Zu einem höchst interessanten audiovisuellen Erlebnis kommt es am 6. Oktober im Wiener Konzerthaus. Ein Ensemble rund um die E-Geigerin Mia Zabelka, die Kontrabassistin Zahra Mani und den E-Gitarristen Daniel Pabst vertont im Rahmen der “Im Loth” Konzertreihe den Stummfilm “Geheimnisse einer Seele” von Georg Wilhelm Pabst aus dem Jahre 1926. Bearbeitet und in Visuals umgesetzt wird der Film von Videokünstlerin Mia Makela.
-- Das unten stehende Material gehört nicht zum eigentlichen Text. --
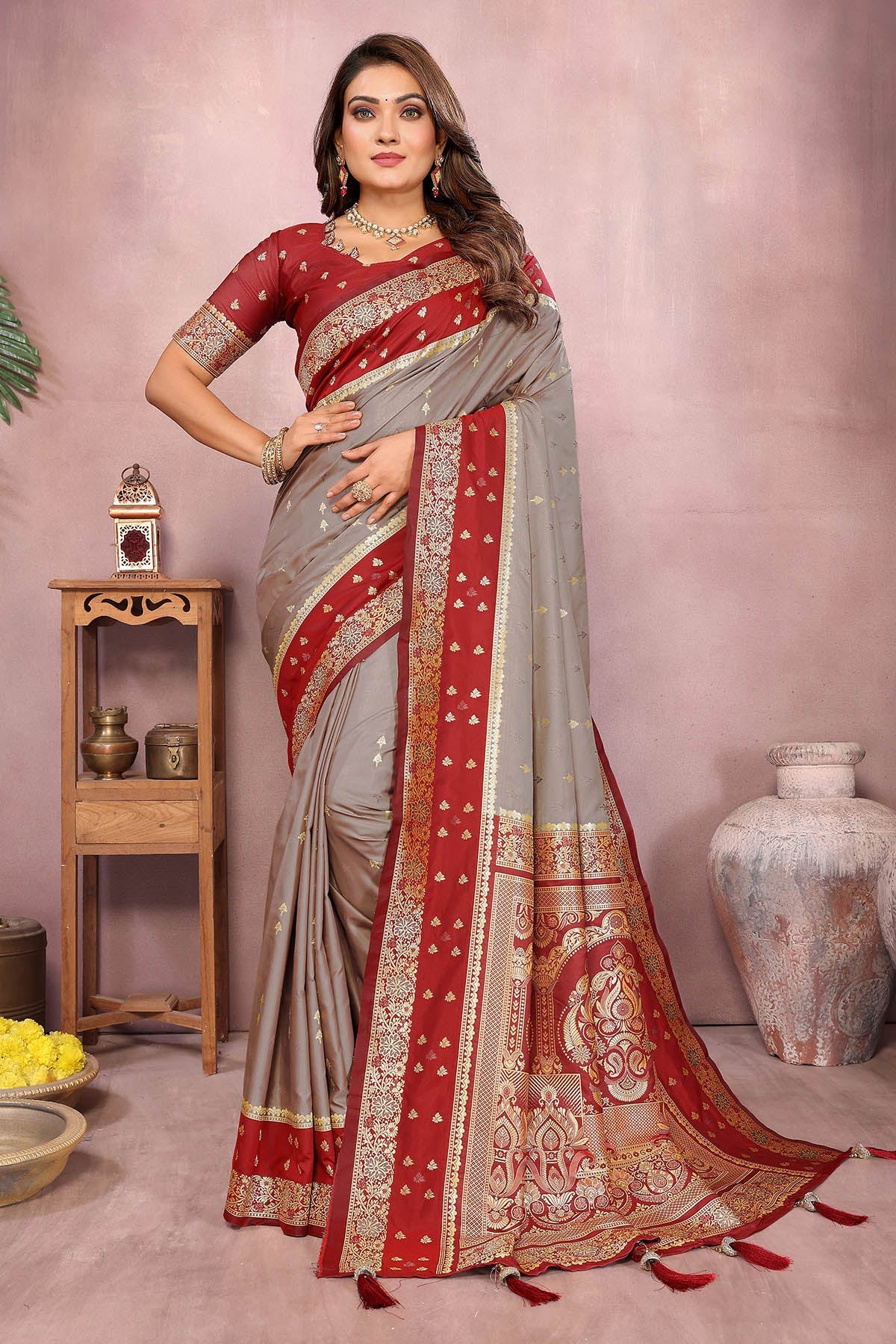 Buy Kalamkari Silk Zari Grey Saree for women by Aastha Fashion online available at scrollnshops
Das Wiener Konzerthaus wendet sich mit seinem Zyklus “Film + Musik live” an musikalisch interessierte Cineasten. Auf dem Programm stehen vier Filmvorführungen mit Live-Musikbegleitung. Eröffnet wird der Reigen mit dem Stummfilm “Geheimnisse einer Seele” von Georg Wilhelm Pabst. Musikalisch begleitet wird dieser von drei exponierten VertreterInnen der heimischen Improvisationsszene. Geigerin Mia Zabelka steht seit nun über 20 Jahren für die Entwicklung neuer Improvisationstechniken. Sie zählt zu jener Sorte von MusikerInnen, die genrebedingte Grenzen eher als eine Art festgesetzte Barriere begreifen, welche es gilt, außer Kraft zu setzen. Ihre Werke bewegen sich stets auf dem schmalen Grad zwischen Improvisation und Komposition, schlagen mal in die Richtung, mal in die andere aus. Experimente mit Sounds stehen im Vordergrund der künstlerischen Arbeit, die Musikerin erschafft unter Anwendung von Computern und Elektronik ungemein dichte und intensive Klanglandschaften, die trotz ihrer Komplexität hörbar bleiben.

 

Ähnlich experimentell agiert auch die Zahra Mani. Wie Zabelka ist auch die Kontrabassistin steht das Spiel mit Klängen im Vordergrund der künstlerischen Auseinandersetzung. Ein Meister seines Faches ist auch Daniel Papst, der zudem der Enkel des Filmemachers Georg Wilhelm Pabst ist. Seine Offenheit und musikalische Virtuosität stellt der Gitarrist unter anderem in seinem Projekt Trafo unter Beweis. Egal ob im Jazz, Rock oder in der Improvisation, beheimatet fühlt sich Papst in vielen Stilen.

 

Inhaltlich setzt sich Georg Wilhelm Pabst mit “Geheimnisse einer Seele” als einer der ersten seines Metiers mit der Psychoanalyse auseinander. Der Filmemacher erzählt die Geschichte einer psychischen Erkrankung eines Mannes, die sich vor allem durch Albträumen und Obsessionen manifestiert. Pabst gelang in seiner Arbeit der Kunstgriff, einen Bogen zwischen den abstrakten, surrealistischen Traumsequenzen und den Szenen aus dem gutbürgerlichen Leben der Hauptfigur zu spannen. Gerade dieser Kontrast erschuf eine bizarre Atmosphäre von zuweilen beklemmender Komik.

Gerade diesen Kontrast herauszuarbeiten, stellt auch die Herausforderung für die MusikerInnen dar. Die von der Videokünstlerin Mia Makela bearbeiteten und zusammengestellten Visuals fungieren dabei als eine Art Partitur, an der sich Zabelka, Mani und Pabst orientieren müssen. Durch den Dialog zwischen zeitgenössischer Videokunst und  improvisierter und elektronischer Musik soll jener Atmosphäre nahegekommen werden, die Georg Wilhelm Pabst durch seine eindringliche Bildersprache einst entstehen ließ.